The listing is to be reproduced exactly, excluding its pictures.
'''
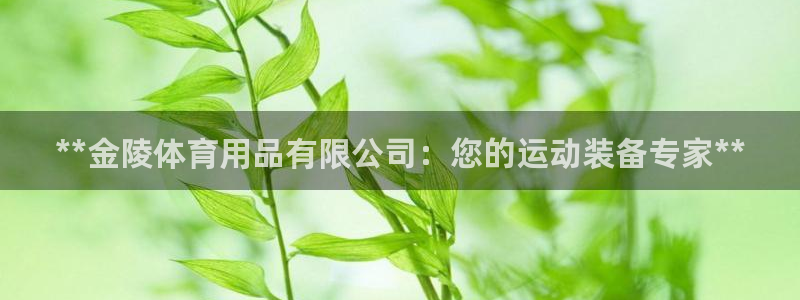 欧陆娱乐app攻略下载：**金陵体育用品有限公司：您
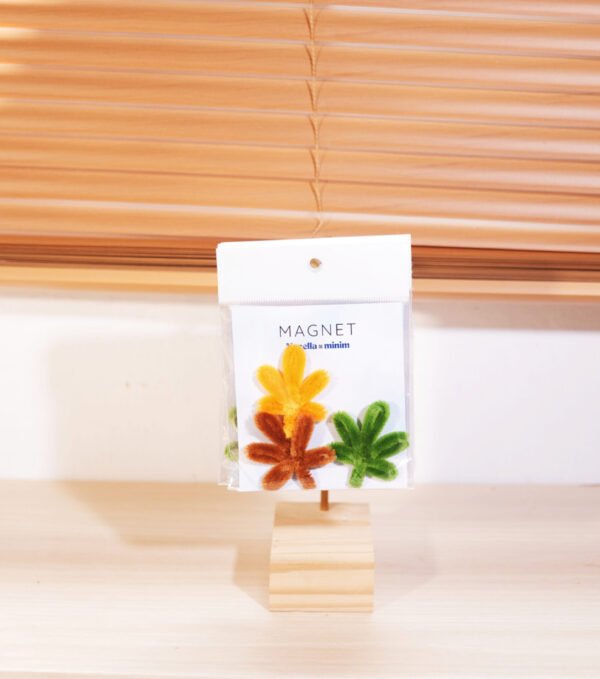 Magnet Series by Macella Minim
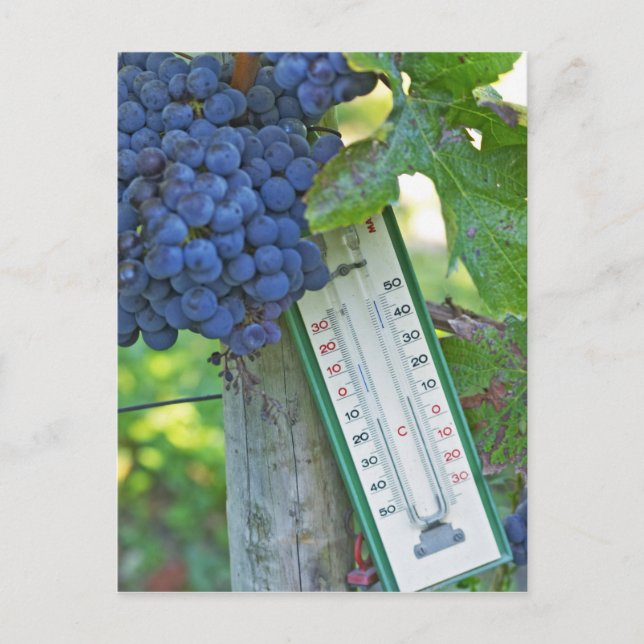 Merlot grapes at Chateau la Grave Figeac, a Postcard (Front)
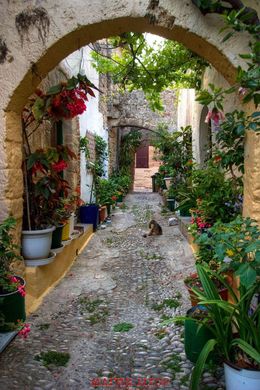 Фотообои Цветочный сад в переулку старого города Артикул 43285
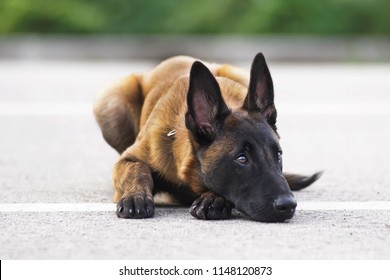 cute belgian malinois puppy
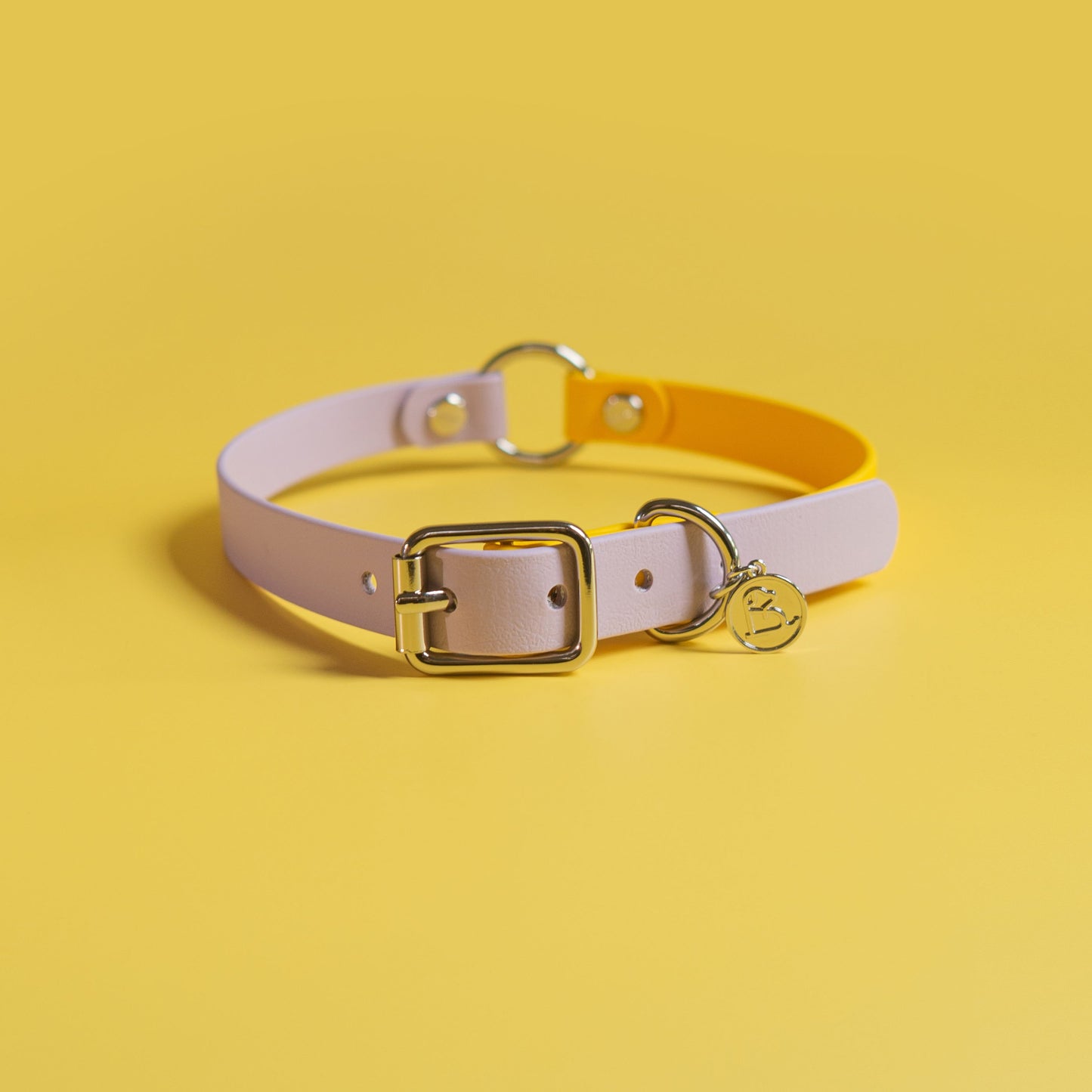 3/4" O Buckle collar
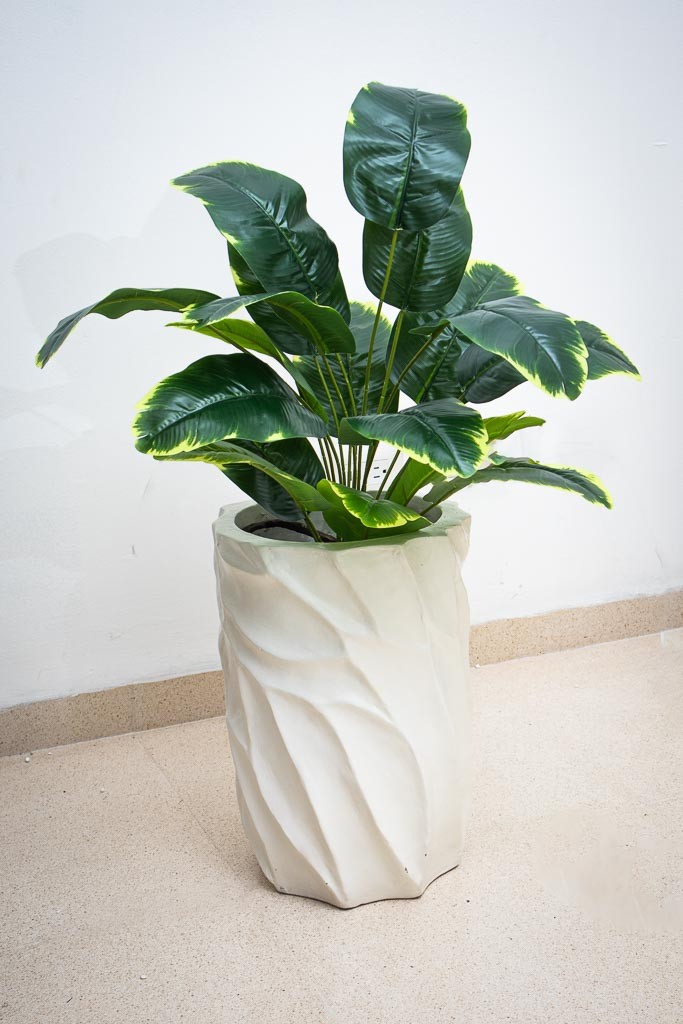 Planta banana 60cm largo
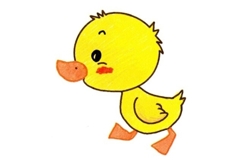小鸭子画法步骤图解 来学小鸭子简笔画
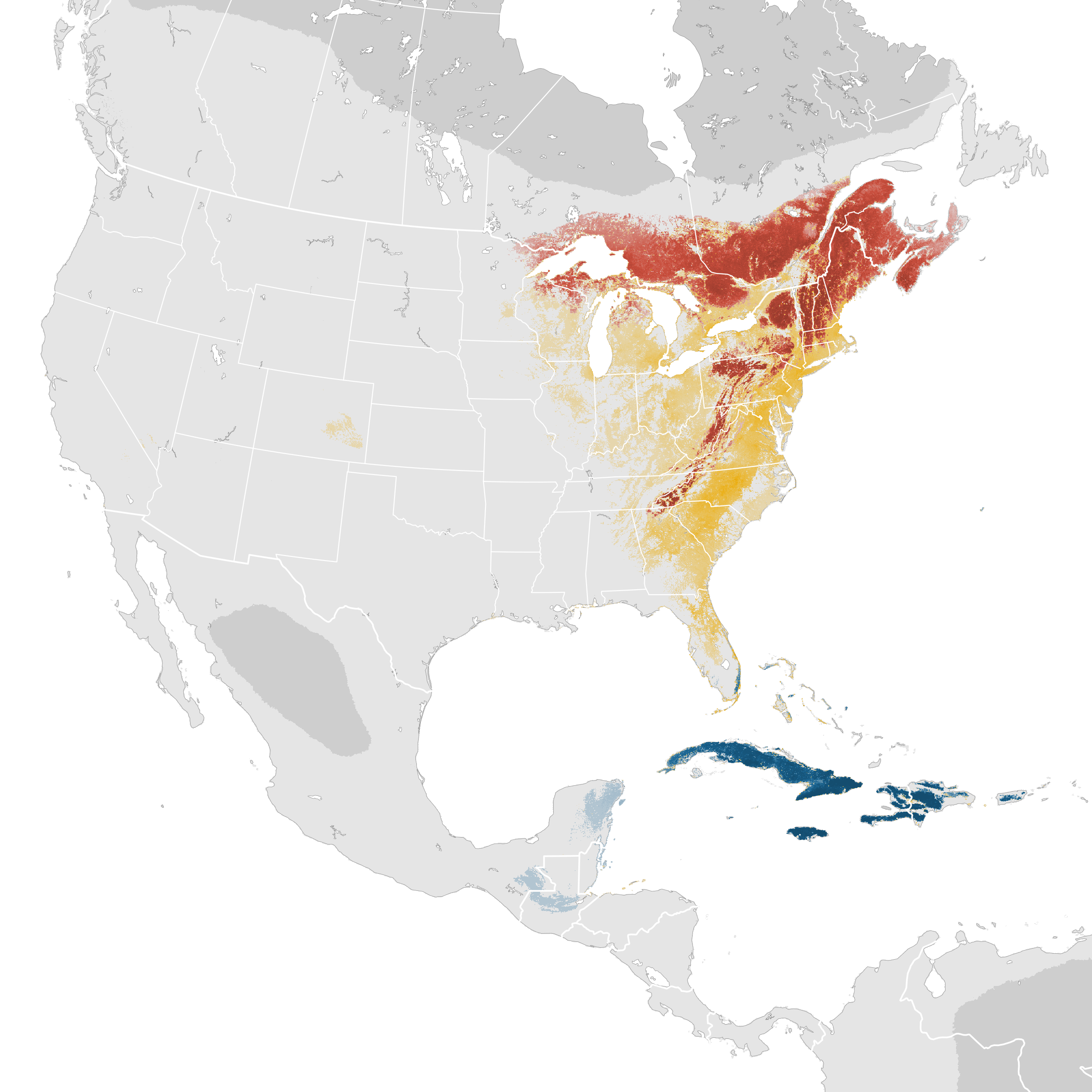 Dark-eyed Junco - Junco hyemalis - Birds of the World, image size:2400x2400
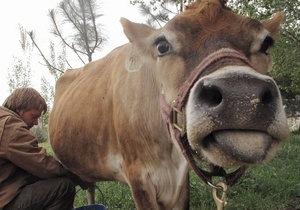 В Николаевской области корова напала на хозяина, мужчина погиб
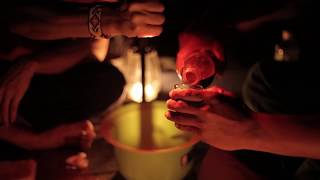 A Peek Inside an Ayahuasca Retreat at the Temple of the Way of Light [upl. by Anhaj570]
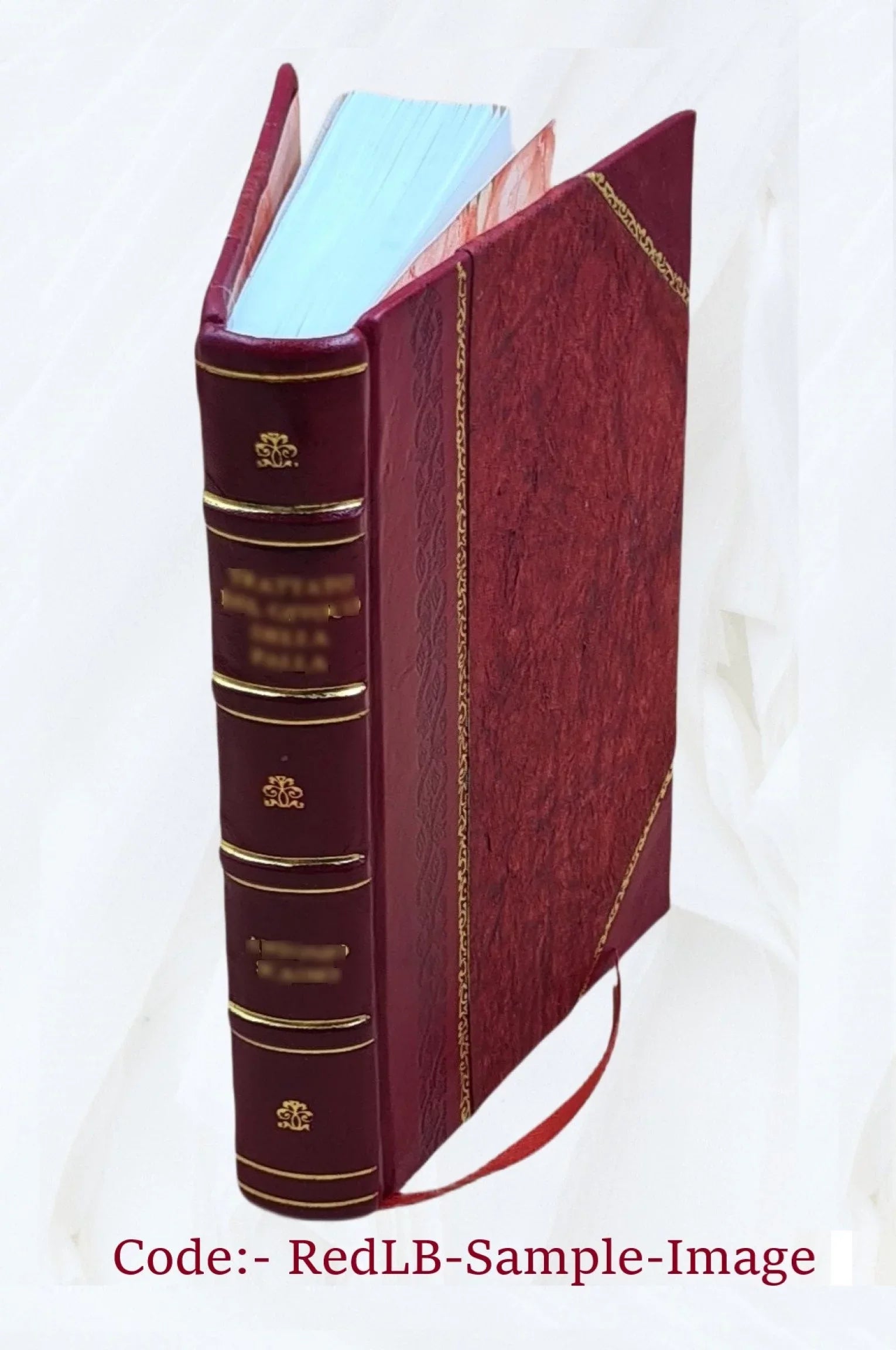 Prakarat Roopmala 1926 [Leather Bound]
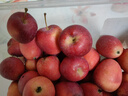 酷奇象 东北鸡心果【顺丰多地次日达-配送上门】小苹果沙果海棠果中秋礼 净重3斤精选大果【10-12枚/斤】 精选装【80%客户选择-超划算】 实拍图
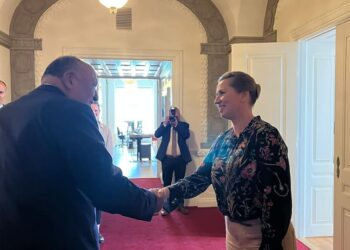 Shoukri partakes in ministerial meeting on climate commitments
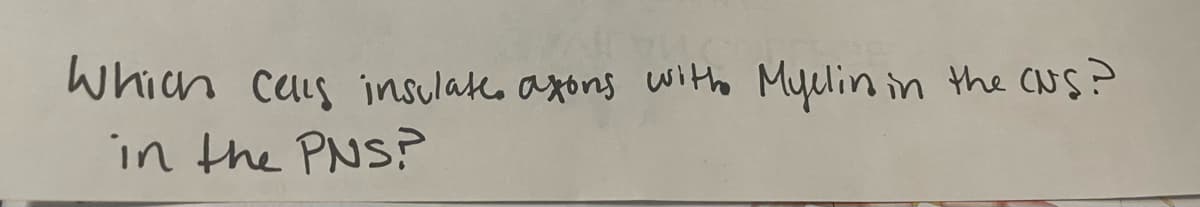 Which cuis insulate. axons with Myelin in the CNS?
in the PNS?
'''
### Response to this task
 欧陆娱乐app攻略下载：**金陵体育用品有限公司：您
 Magnet Series by Macella Minim
 Merlot grapes at Chateau la Grave Figeac, a Postcard (Front)
 Фотообои Цветочный сад в переулку старого города Артикул 43285
 cute belgian malinois puppy
 3/4" O Buckle collar
 Planta banana 60cm largo
小鸭子画法步骤图解 来学小鸭子简笔画
 Dark-eyed Junco - Junco hyemalis - Birds of the World, image size:2400x2400
 В Николаевской области корова напала на хозяина, мужчина погиб
 A Peek Inside an Ayahuasca Retreat at the Temple of the Way of Light [upl. by Anhaj570]
 Prakarat Roopmala 1926 [Leather Bound]
 酷奇象 东北鸡心果【顺丰多地次日达-配送上门】小苹果沙果海棠果中秋礼 净重3斤精选大果【10-12枚/斤】 精选装【80%客户选择-超划算】 实拍图
 Shoukri partakes in ministerial meeting on climate commitments
 Which cuis insulate. axons with Myelin in the CNS?
in the PNS?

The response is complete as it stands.